When we are young girls our menstrual cycle creeps up on us sometimes without any warning. Though schools offer some education on the subject the majority of the information we receive comes from our mothers. We live in an age when we can find anything on the Internet but when I was young there was no such thing as the Internet so I had to go with what my mother told me.

Luckily for me my mom is a nurse so what she told me was extremely accurate. She told me the pros and cons of each type of protection and allowed me to decide what I wanted to use. Today a young girl may find a wild array of information about tampons on the Internet and sadly a lot of it may not be true.

I remember a year or so ago I received an email telling me that my tampons contain asbestos. Wow, what a scary thought! The email went on to say asbestos was used in tampons so that women would bleed more and thus, the company would sell more tampons. Another emailed warned that tampons that are not 100% cotton are dangerous due to dioxins. The risks of Toxic Shock Syndrome are printed right on a box of tampons but what does it really mean?

Asbestos In Tampons

This is a scary thought considering it is well known that asbestos causes cancer. My husband works in commercial construction and if asbestos is found in a building he is working on he cannot touch it. Special crews must be called in to remove it. The thought of something so dangerous being in tampons seems absurd. Rest assured there is no asbestos in your tampons.

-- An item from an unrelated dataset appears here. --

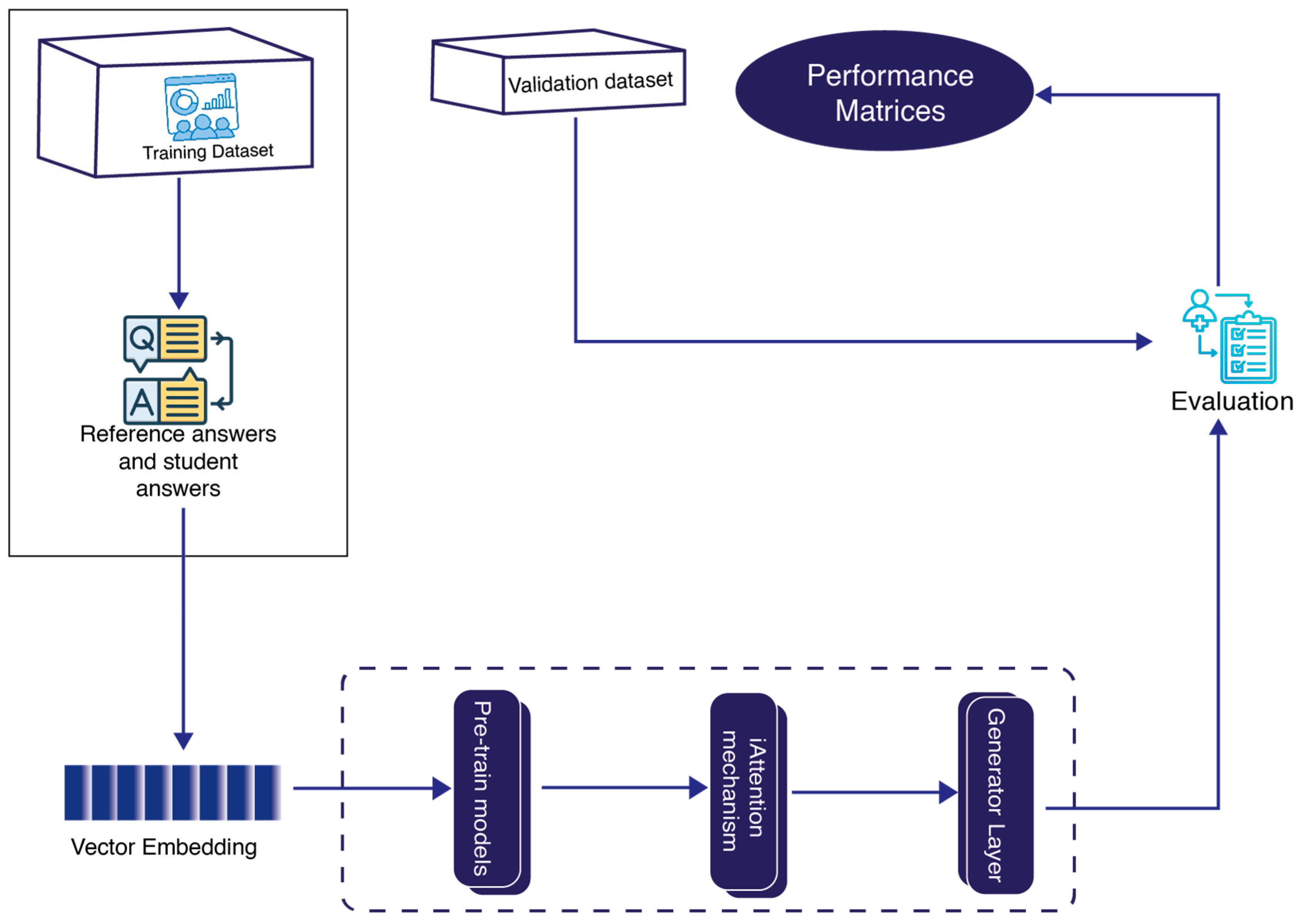 Mathematics 13 02991 g004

I’ve looked and I cannot find one reliable source to back up this claim. The truth is that people love a good horror story and this myth grew most likely out of panic. The following statement can be found on the U.S. Food and Drug Administration’s Website: “FDA has no evidence of asbestos in tampons or any reports regarding increased menstrual bleeding following tampon use.”
Rayon and Dioxins

There are also similar warnings about dioxins. Dioxins are by-products of rayon production. Rayon is essentially made of wood pulp. When the pulp is bleached it creates trace amounts of dioxins. These are hazardous if ingested. Tampax brand tampons and Playtex brand tampons both list rayon in their ingredients.

The U.S. FDA has also addressed this issue. The following can be found on their Website concerning dioxins in tampons: “The detectable limit of this assay is currently approximately 0.1 to 1 parts per trillion of dioxin.” It goes on to say that this amount is no more than can be introduced into our bodies through other means. They believe the levels to be safe. If this concerns you there are all-cotton brands of tampons you can buy.

Toxic Shock Syndrome

Facts: Toxic Shock Syndrome (TSS) is found in 1-17 women per 100,000 women who are menstruating. The risk is higher for teenage girls and women under age 30. The only way to avoid TSS from tampon use is to not use them at all.

TSS is a real concern. Though this is uncommon it can happen if tampons are used incorrectly. Tampons left in the body for too long a period or using a high absorption tampon on light flow days are both culprits. If you use a tampon with high absorption when your flow is light it can cause small lacerations in the vaginal wall. This can lead to the bacteria Staphylococcus aureus to enter the body.

Symptoms of TSS appear rapidly and include high fever, vomiting, a feeling of dizziness, loose stools and head and body aches. You may also develop a red rash on your hands and feet, see redness around your eyes and throat, develop a cough, feel confused and even have a seizure. This condition is very serious and can be deadly. If you suspect you have TSS you should remove your tampon and go to the emergency room immediately. Let them know you think you may have TSS. Lightheadedness and confusion are common with TSS so it is best to have someone else drive or call an ambulance.

To avoid TSS there are things you should remember while using tampons. Always match the absorbency of your tampon with your menstrual flow. If you flow is light it is dangerous to insert a larger tampon just to avoid changing them as often. You should be wary of wearing a tampon overnight. If you choose to do so you may want to set your alarm so that you can get up at least once in the night to change it. Never use any tampon longer than eight hours. Wash your hands thoroughly before and after changing your tampon and keep them in a dry place when they are not in use.

Conclusion

Are tampons dangerous? It seems they can be if used improperly. Each woman should weigh the pros and cons and decide if she wishes to use them or not. As with anything it’s always in your best interest to do some research and decide for yourself.